Week 2: Implement a parallel hash table for memoization and reduction purposes.
Week 3: Modify the sequential implementation to be parallel. Debug until correct.
Week 4: Performance tweaking.
Week 5: Creation of cool looking test cases/demo.
Work So Far
So far, we have created a detailed specification for our project including the user-facing API and the internal structures we will be using. We have also mostly completed a sequential implementation of the BDD library, which allows the user to construct BDD's using logical operators and do simple analysis like "one SAT" (find one satisfying assignment for the BDD) and "count SAT" (find number of satisfying assignments for the BDD). Our BDD's are maintained in a canonical form in order to save memory.
We also gave considerable thought into designing the parallel hash table in order to implement the unique BDD table and the cache. This task turned out to be much more difficult than we initially expected for a few reasons:
- The hardware we had access to did not have 128-bit compare-and-swap, which makes it significantly harder to implement a lockfree hash table since we need to do compare-and-swaps on a pointer plus a counter.
- We realized that we would have to implement our own garbage collector over the cache, which means we would need to maintain reference counters in order to keep the memory footprint manageable.
We also spent a good amount of time trying to implement a fork-join parallelism model to handle work distribution. However, this turned out to be a dead-end because implementing such a system is significantly out-of-scope for the difficulty of a 418 project, especially when combined with the rest of the project. We ended up deciding to use the Cilk library instead.
- Verify the correctness of the sequential algorithm by implementing n-Queens (Chris)
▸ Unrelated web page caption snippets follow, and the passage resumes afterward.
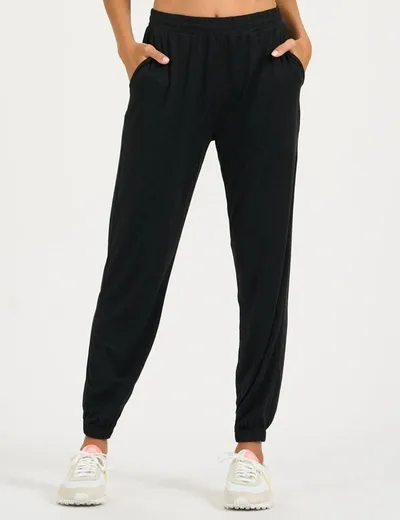 Vuori Boyfriend Jogger In Black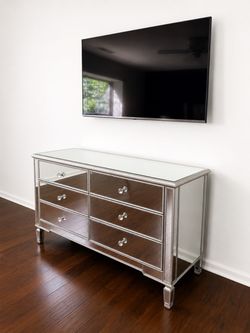 Mirrored 6-Drawer Dresser with Crystal Knobs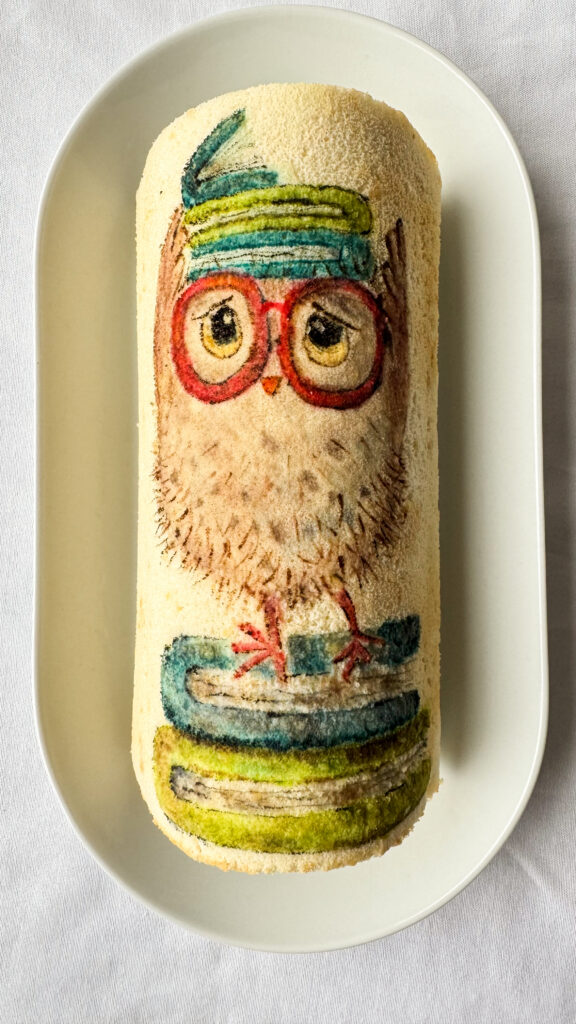 Portfoolio käsitsi joonistatud piltbiskviit öökulliga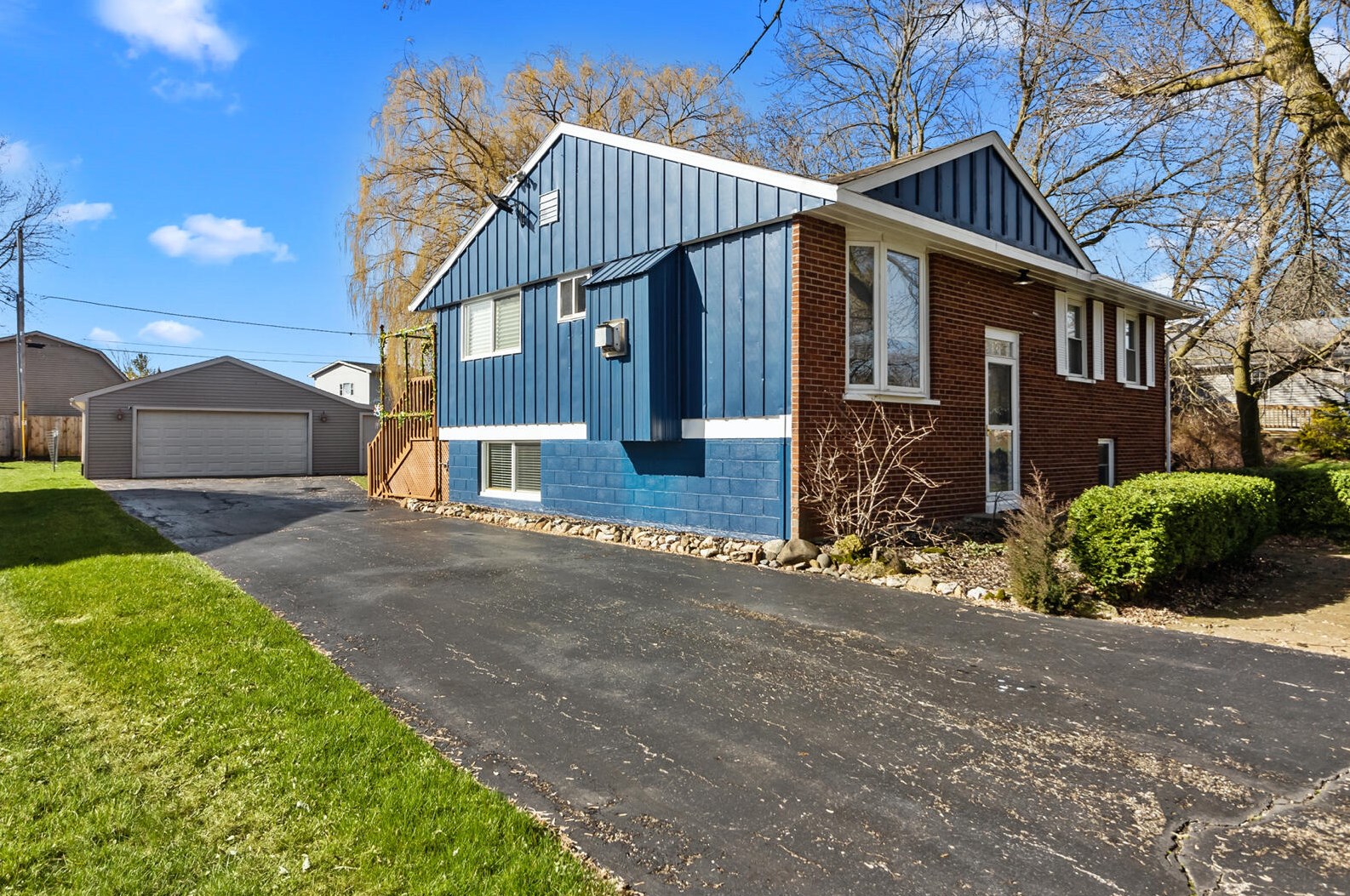 4225 122nd St, Kenosha WI  53158-3921 exterior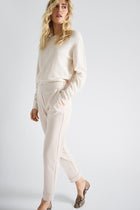 Ecru broek 7/8 lengte in comfortstof met rekker achteraan de taille
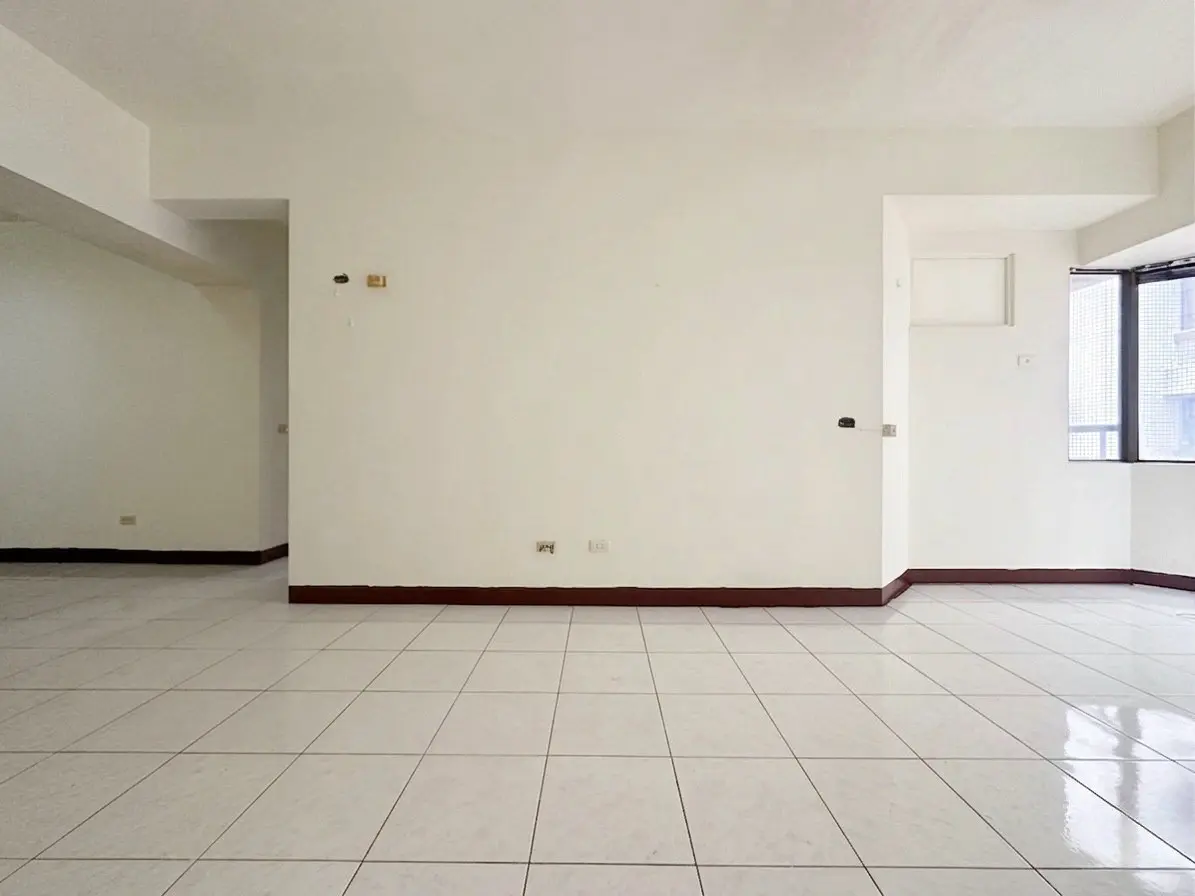 4 bedrooms apartment for rent in Zuoying District, Kaohsiung City | TWD 24 000 | 41 ping slide 9
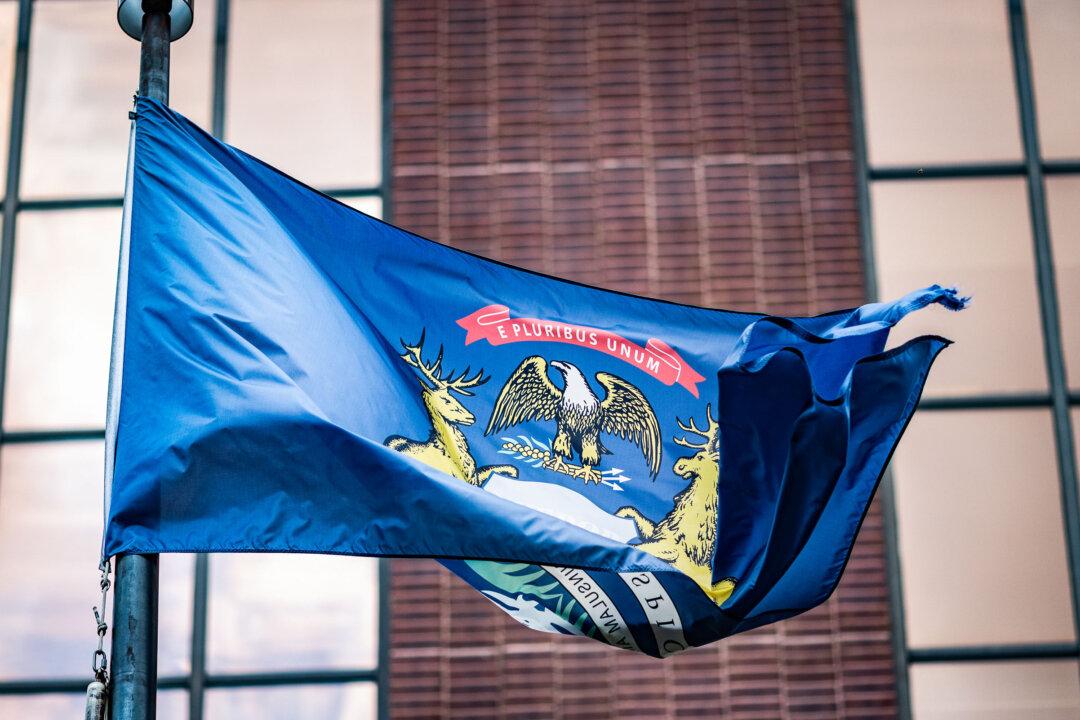 Michigan’s Early Voters Brave Long Lines, Break Records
- Finish work on the sequential RelProd algorithm, which is used for model checking (Chris)
- Finish the lockfree hash table for the cache and uniques table (Matt) 4/25:
- Finish the reachability algorithm for model checking (Chris)
- Finish cache and uniques table by adapting the lockfree hash table to the needs of the library (Matt) 4/29:
- Write some test cases to verify the correctness of the model checker (Chris)
- Finish adding fork-join parallelism via Cilk (Matt) 5/2:
- Benchmark against BuDDy and test the library to ensure correctness, debug as necessary (both)
- Gather data about the parallelism of our system, including the speedup and memory footprint (both) 5/6:
- Final fine tuning (both)
- Finish creating a final presentation for our project (both)
- Begin practicing for the presentation (both) 5/9:
- Finish final writeup (both)
Though we have given it much thought and done background research to ensure that it is reasonable, we have yet to actually test the code on a Xeon Phi using Cilk. Our hope is that Cilk will be enough for our fork-join needs though we a bit concerned that we will hit unforeseen roadblocks while actually implementing it in the Phi's. Our backup plan is to run the code on the GHC machines, which will give some benchmarks, though we may not be able to observe as large of a speedup.
Another big concern is the fact that we are somewhat blindly implementing BDD algorithms according to a few research papers that we have read. So far, things have been going reasonably well, but if we eventually get a correctness bug, it will be incredibly difficult to debug since the algorithms presented in the papers are quite complex and presented in a simplistic fashion. We will try to debug this by manually inspecting the BDD's, though this becomes unfeasible when we try to scale up. This may require help from Professor Bryant if we cannot solve the issue.
For our final presentation we hope to show:
- Implementing a simple BDD with our library to show how easy it is to use.
- Performance benchmarks for creating and operating on large BDD's compared against existing sequential libraries.
- STRETCH: Demonstration of a model checker for verifying the correctness of a piece of parallel code (i.e. deadlock detection).